Yesterday I spotted a news story bubbling in my twitter feed: Patti Smith (Godmother to Iggy Pops Godfather of Punk Rock) is planning to perform for Pope Francis. The story turned on an old lyric of hers –
Jesus died for somebody’s sins but not mine.
Her augmentation of Van Morrison’s Gloria; a garage rock and guitar student favourite. But if you substitute Gladys or Glenda with Gloria, the song ceases to be a minimalist classic. Gloria is not simply a name, it’s an allusion to a most glorious being. Something like a god. And the way that name is spelled out G-L-O-R-I-A in the song, just takes you straight to the Christmas Carol Angels We Have Heard On High. Patti even references the chorus: Gloria, in excelsis Deo , on her record sleeve.
Van Morrison hails from Belfast, a place steeped-in and divided by Christian beliefs. Patti was raised a Jehovah’s Witness.

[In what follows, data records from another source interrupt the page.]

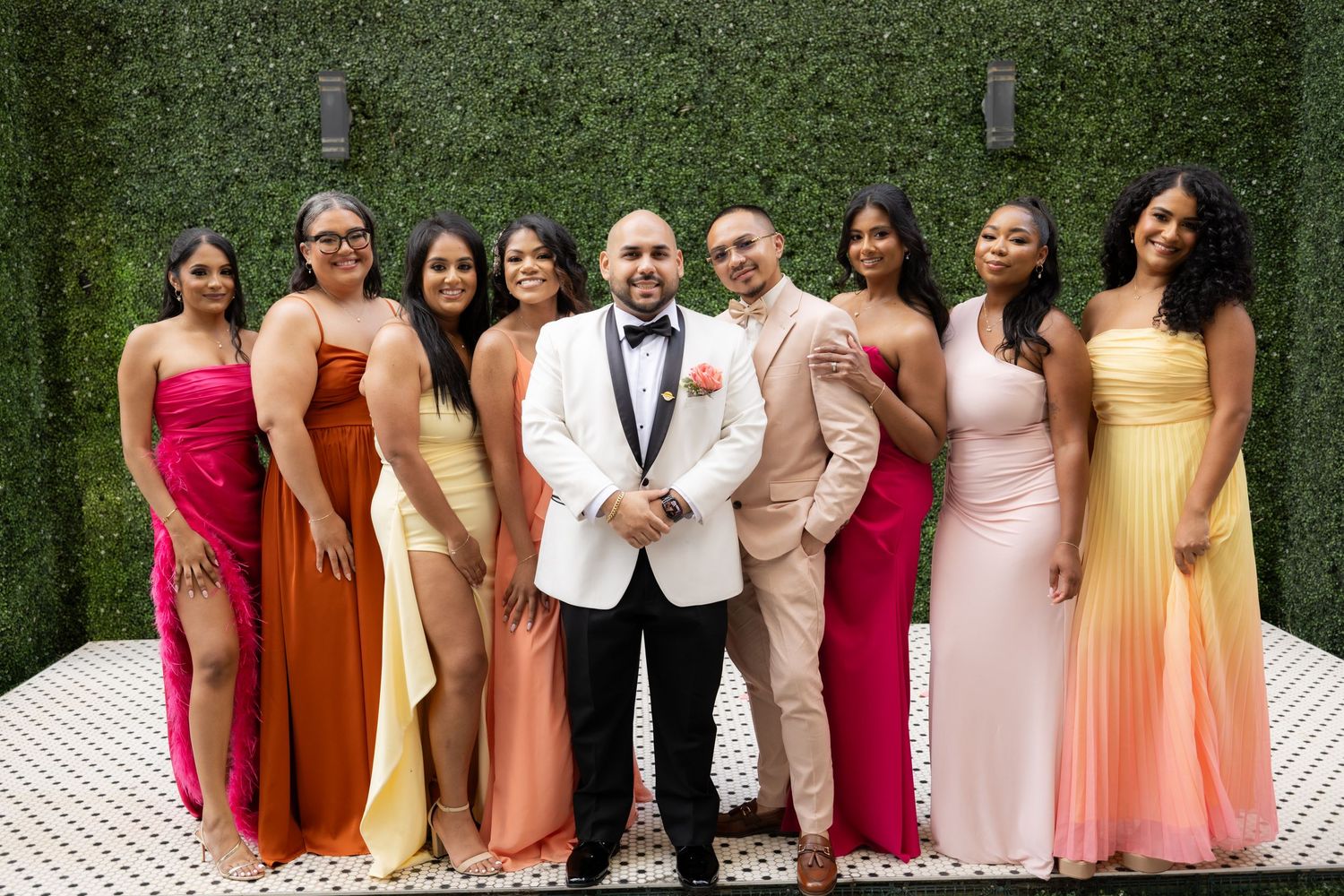 Wedding party stands in a line wearing dresses in shades of rust, pink, and yellow against greenery backdrop.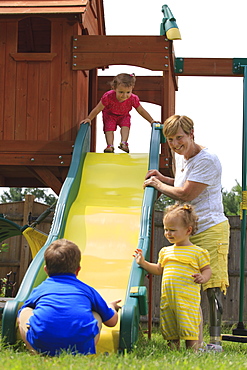 Grandmother with a prosthetic leg playing on a slide with her grandchildren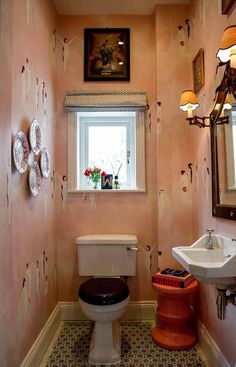 a bathroom with a toilet, sink and mirror on the wall next to each other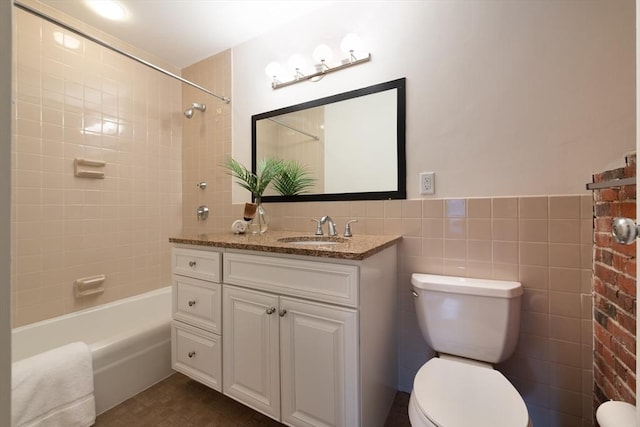 full bathroom with vanity, tiled shower / bath, tile walls, and toilet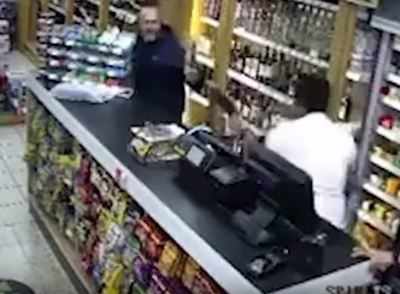 Indian shopkeeper fights off robber using vodka bottle, chair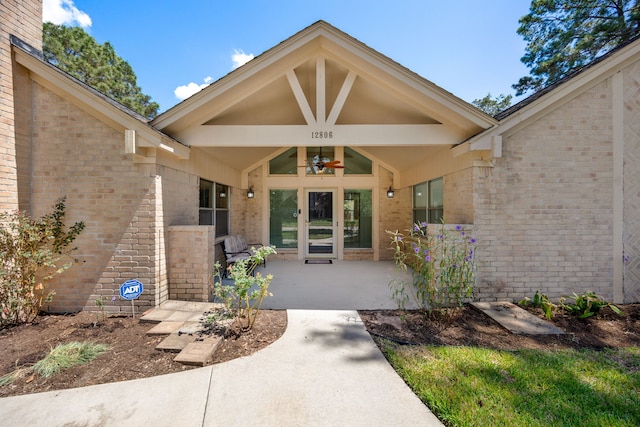 entrance to property with brick siding, a patio area, and a ceiling fan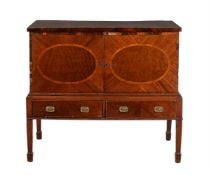 A George III mahogany and crossbanded chest on stand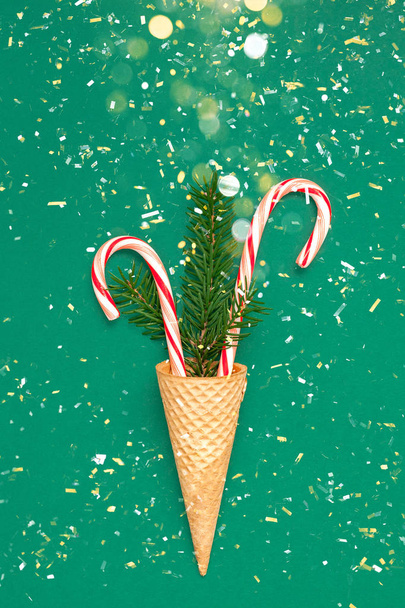 Christmas card with candy canes in waffle cone - Zdjęcie, obraz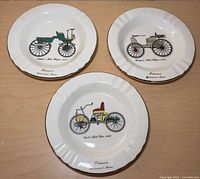 Front view of three ashtrays showing automobile illustrations and gold rims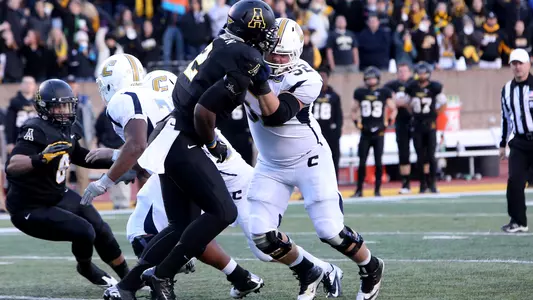 Kevin Revis drives through a defender at App State.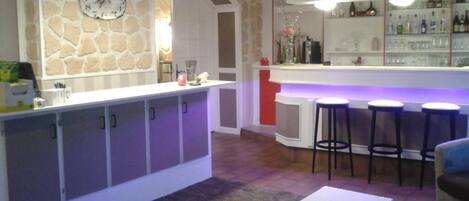 Zona de bar con taburetes, mostrador y un reloj en la pared.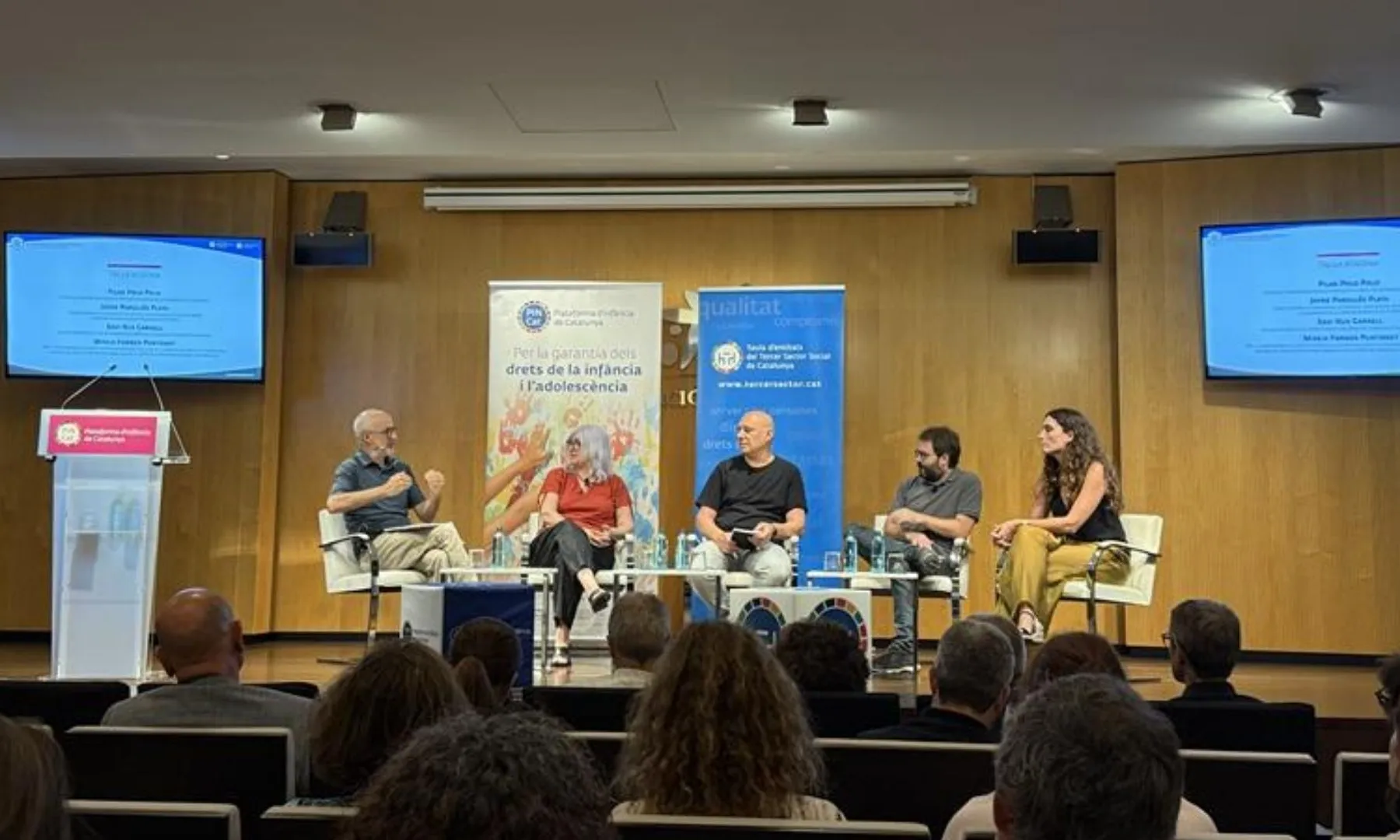 Quatre persones participen en una taula rodona sobre la protecció dels drets de la infància i l'adolescència davant del públic.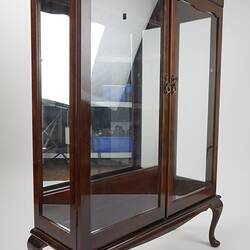 Wooden framed crystal cabinet. Glass doors and sides mirror at back. Front 3/4 view, doors closed.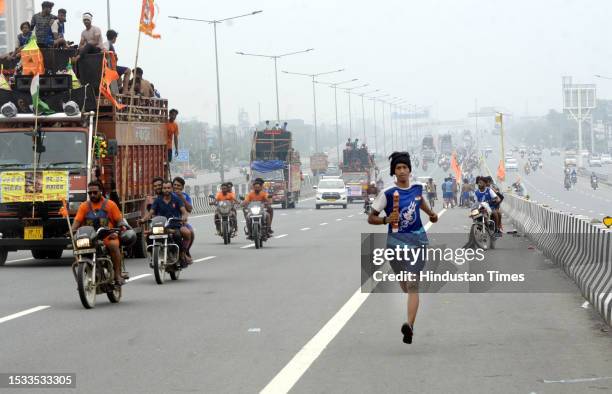 Thousands of Dak Kanwars throng at Delhi-Meerut Expressway on the penultimate day of Kanwar yatra, on July 15, 2023 in Ghaziabad, India.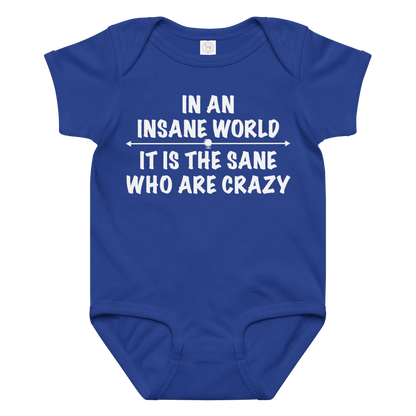 "In an insane world, it is the sane who are crazy" printed on a royal baby jersey bodysuit laying on a flat surface amongst other clothes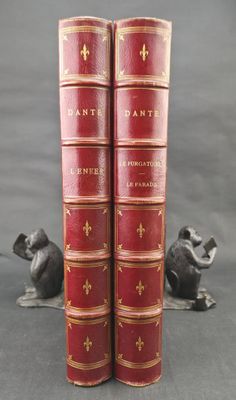 two red books sitting on top of each other next to a mouse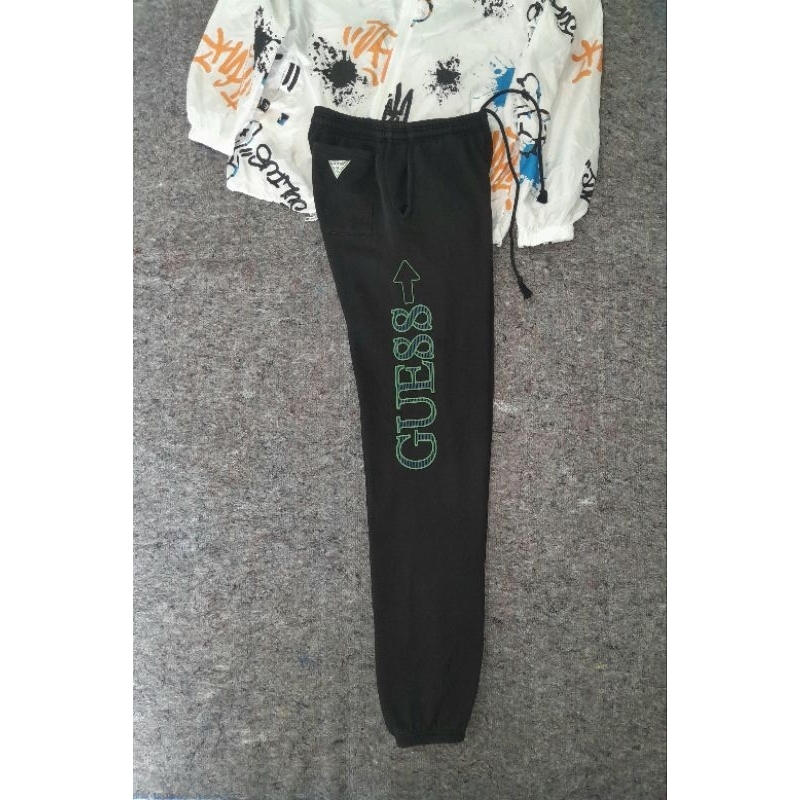 CELANA GUESS 88 RISING BLACK HEAD IN THE CLOUDS JOGER PANTS USA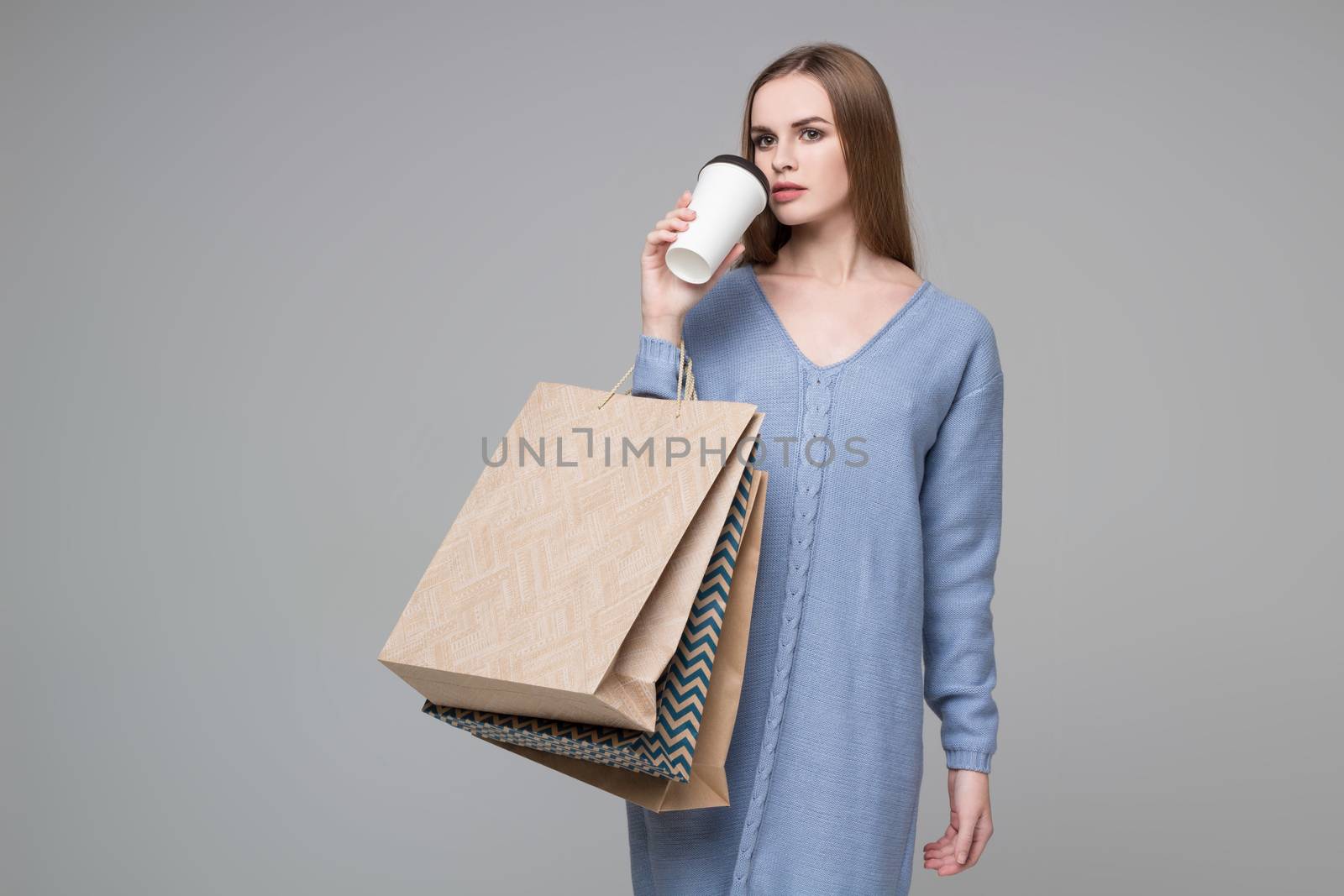 Girl in blue jamper drinking coffee with paper shopping bags by VeraVerano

They grew-up in a time when the secular society only existed for those on the fringes: the privileged, the political, the marginalised. On Sundays people went to church. They got biblical references. If they were Catholic, they fasted during Lent. If they were Jehovah’s Witness’s they ditched the smoke and mirrors of High Mass.
You see the focus on the controversial lyric misses the point of performers like Patti Smith and Van Morrison. Contained within their music is their experience. Both make emotional music. Music for the soul. Music that is from the soul. Modern devotional music. So whoever’s booked her to play the Vatican, gets that too.